> Required work:
Look through the entries below and report every line that has "flowers".

Entries taken from a collection:
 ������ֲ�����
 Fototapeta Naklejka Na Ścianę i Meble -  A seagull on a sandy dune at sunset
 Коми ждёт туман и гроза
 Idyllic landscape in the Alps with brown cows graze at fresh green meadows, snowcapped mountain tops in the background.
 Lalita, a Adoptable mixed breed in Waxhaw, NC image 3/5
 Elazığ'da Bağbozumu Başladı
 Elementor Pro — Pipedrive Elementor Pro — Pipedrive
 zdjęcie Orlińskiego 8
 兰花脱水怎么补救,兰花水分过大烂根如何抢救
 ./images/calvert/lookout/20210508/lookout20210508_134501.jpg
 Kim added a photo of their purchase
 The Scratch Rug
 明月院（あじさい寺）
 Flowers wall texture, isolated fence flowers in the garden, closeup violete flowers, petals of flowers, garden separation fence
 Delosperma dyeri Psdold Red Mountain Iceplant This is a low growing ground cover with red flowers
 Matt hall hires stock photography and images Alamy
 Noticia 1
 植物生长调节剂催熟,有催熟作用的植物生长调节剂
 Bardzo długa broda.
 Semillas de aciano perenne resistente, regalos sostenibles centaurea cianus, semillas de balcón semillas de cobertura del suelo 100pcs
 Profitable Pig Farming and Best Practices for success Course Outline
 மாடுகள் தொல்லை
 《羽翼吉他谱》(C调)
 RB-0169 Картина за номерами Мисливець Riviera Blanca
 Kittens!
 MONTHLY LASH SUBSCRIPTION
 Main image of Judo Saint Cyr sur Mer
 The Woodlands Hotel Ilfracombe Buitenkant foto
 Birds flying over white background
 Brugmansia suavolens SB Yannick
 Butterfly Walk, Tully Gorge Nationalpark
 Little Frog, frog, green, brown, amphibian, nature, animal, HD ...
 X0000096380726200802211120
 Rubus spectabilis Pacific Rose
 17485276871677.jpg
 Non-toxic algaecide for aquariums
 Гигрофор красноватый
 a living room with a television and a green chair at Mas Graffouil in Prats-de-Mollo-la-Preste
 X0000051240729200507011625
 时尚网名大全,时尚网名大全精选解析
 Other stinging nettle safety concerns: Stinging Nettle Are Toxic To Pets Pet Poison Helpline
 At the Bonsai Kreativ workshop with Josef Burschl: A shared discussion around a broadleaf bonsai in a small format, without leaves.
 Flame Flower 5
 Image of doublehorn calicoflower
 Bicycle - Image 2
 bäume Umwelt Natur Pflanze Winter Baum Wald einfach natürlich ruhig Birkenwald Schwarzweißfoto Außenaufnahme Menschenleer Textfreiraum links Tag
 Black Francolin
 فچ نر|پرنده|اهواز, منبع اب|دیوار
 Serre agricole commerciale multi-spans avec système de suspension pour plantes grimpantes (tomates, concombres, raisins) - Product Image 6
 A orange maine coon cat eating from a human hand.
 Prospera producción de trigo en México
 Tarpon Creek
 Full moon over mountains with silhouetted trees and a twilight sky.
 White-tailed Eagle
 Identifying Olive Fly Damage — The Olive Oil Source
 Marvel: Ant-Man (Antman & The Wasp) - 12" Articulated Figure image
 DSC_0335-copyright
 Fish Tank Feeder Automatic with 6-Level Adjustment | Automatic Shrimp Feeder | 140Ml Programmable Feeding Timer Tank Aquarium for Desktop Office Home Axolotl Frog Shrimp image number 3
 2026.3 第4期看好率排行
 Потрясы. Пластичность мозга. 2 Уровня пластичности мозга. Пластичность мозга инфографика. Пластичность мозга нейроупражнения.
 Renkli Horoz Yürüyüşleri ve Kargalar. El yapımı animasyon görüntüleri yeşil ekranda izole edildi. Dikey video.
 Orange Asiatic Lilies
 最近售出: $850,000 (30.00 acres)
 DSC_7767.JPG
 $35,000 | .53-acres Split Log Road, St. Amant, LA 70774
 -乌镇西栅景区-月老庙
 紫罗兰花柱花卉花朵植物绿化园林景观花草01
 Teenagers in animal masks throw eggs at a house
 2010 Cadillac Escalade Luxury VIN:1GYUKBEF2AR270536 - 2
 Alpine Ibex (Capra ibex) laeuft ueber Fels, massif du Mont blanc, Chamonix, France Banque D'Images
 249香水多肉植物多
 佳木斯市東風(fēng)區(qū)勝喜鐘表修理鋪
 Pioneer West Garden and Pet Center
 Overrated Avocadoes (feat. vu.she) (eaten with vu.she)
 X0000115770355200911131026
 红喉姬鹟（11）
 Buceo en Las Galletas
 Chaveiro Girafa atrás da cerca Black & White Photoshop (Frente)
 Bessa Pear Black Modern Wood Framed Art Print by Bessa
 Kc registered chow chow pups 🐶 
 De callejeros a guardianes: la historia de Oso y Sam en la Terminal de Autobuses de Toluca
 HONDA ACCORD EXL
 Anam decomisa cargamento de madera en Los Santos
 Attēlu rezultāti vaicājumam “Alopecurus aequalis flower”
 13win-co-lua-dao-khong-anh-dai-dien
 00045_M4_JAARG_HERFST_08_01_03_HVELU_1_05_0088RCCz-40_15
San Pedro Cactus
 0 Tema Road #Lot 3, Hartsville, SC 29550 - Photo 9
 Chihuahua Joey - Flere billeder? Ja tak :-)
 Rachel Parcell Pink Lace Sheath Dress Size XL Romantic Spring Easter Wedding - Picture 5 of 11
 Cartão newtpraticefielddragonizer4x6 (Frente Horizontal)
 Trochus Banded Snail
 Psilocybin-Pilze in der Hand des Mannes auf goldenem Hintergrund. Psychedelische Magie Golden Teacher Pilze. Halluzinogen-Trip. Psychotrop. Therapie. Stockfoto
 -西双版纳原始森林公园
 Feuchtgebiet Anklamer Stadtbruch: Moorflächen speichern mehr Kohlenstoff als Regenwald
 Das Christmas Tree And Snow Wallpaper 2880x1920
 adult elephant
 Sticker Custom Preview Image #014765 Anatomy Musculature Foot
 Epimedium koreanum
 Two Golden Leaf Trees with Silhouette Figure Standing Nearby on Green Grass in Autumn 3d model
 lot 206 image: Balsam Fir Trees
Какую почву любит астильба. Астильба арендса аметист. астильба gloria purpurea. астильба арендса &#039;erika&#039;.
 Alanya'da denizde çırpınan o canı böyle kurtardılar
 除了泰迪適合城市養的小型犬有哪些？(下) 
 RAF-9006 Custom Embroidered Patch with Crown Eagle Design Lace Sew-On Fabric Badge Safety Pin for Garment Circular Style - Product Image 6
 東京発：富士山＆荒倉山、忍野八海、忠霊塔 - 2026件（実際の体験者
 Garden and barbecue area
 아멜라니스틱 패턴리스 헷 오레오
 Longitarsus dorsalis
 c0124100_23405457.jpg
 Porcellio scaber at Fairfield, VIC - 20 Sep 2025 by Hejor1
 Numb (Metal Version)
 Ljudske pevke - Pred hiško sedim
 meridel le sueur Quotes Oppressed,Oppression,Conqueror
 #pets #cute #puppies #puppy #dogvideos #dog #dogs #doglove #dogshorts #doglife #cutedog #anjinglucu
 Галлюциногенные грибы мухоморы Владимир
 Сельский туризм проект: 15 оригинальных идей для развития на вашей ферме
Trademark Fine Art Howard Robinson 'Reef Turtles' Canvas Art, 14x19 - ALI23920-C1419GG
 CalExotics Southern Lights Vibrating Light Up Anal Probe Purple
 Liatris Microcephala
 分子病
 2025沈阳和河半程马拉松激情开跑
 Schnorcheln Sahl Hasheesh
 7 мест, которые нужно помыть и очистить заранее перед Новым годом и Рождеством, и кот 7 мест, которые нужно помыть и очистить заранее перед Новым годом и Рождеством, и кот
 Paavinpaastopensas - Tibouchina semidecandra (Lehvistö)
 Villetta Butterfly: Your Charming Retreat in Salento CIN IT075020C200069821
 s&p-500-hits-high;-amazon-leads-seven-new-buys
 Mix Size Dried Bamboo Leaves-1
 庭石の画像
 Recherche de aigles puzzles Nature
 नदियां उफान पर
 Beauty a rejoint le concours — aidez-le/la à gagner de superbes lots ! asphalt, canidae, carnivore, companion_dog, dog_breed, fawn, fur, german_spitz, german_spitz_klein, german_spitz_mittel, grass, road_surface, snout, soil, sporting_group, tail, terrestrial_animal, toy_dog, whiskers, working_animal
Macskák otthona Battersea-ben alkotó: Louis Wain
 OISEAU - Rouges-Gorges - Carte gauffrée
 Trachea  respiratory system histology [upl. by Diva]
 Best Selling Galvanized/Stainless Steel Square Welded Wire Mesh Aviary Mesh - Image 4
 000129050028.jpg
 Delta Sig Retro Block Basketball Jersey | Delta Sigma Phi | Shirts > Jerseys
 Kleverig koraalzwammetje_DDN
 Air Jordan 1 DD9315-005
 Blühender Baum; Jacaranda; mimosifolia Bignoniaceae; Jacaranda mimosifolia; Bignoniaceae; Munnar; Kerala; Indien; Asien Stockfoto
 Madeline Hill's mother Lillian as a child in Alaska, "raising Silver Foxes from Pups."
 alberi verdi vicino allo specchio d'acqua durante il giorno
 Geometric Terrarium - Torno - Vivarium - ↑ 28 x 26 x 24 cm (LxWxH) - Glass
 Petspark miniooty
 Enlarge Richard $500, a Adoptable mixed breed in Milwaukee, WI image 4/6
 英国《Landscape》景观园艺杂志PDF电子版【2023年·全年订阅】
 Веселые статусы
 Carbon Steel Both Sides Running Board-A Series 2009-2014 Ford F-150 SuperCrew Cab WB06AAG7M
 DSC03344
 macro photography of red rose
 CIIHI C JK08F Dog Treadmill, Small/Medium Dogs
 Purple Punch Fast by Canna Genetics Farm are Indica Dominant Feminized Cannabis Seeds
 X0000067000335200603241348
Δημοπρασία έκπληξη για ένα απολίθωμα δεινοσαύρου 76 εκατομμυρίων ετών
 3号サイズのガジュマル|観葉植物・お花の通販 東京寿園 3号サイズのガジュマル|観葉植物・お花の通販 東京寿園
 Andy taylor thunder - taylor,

> Written response:
 Flowers wall texture, isolated fence flowers in the garden, closeup violete flowers, petals of flowers, garden separation fence
 Delosperma dyeri Psdold Red Mountain Iceplant This is a low growing ground cover with red flowers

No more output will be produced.